I tried the game when it first came out, and it felt more like an older hardcore online game. “Greening up,” the act of making your sims happy by feeding them and sleeping, was more of a chore instead of feeling rewarding like in The Sims Social. It was more of a grind to accomplish anything and rewards were pretty scarce — unlike the style of play featured in The Sims Social.
“That game came out quite a while ago, and this is a completely new platform,” Prober said. “With what we now know about social games, we’re pretty confident we’ve made a very competitive game.”
Unlike The Sims Online, which was fun in the more painful grind-y way, The Sims Social was a blast to run through. I got bored after a half hour or so of playing the game, but I would definitely go back to it sometime in the future. And that’s what has made casual games so popular — because they are made to be played in bite-sized chunks like Zynga’s Farmville and Cityville.
Zynga has become a powerhouse for Facebook games — so much so that it filed to go public and is looking to raise around $1 billion at a valuation somewhere north of $10 billion. It has released hit after hit to Facebook and hasn’t really faced stiff competition from anyone else.
The Sims Social should probably change that. Unlike Farmville, The Sims Social has The Sims team behind it — who are some of the sharpest writers and designers in the industry. I had as much fun reading the hilarious captions and labels for actions and flavor text for quests as I did connecting with other Facebook players.
Electronic Arts has not-so-quietly established a fierce casual and social gaming team.
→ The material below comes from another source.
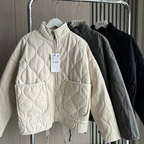 Veste Matelassée Femme Col Montant Zippée Légère Hiver Casual - Hiverline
The company bought Playfish back in 2009 and also bought casual games maker PopCap for $750 million. Both teams have made successful games, and once the deal closes, there’s a good chance that Playfish will be working with casual games maker PopCap. The deal for PopCap still hasn’t closed, so Playfish can’t confirm whether or not it is working on something new, Prober said.
“They are the Pixar of casual games,” he said. “On the day the deal closes, it’s a pretty good likelihood that we’ll work with them — we’d love to work with them.”
Prober didn’t say when the game would come out, but said it would be out “very, very soon” and well before the end of the year.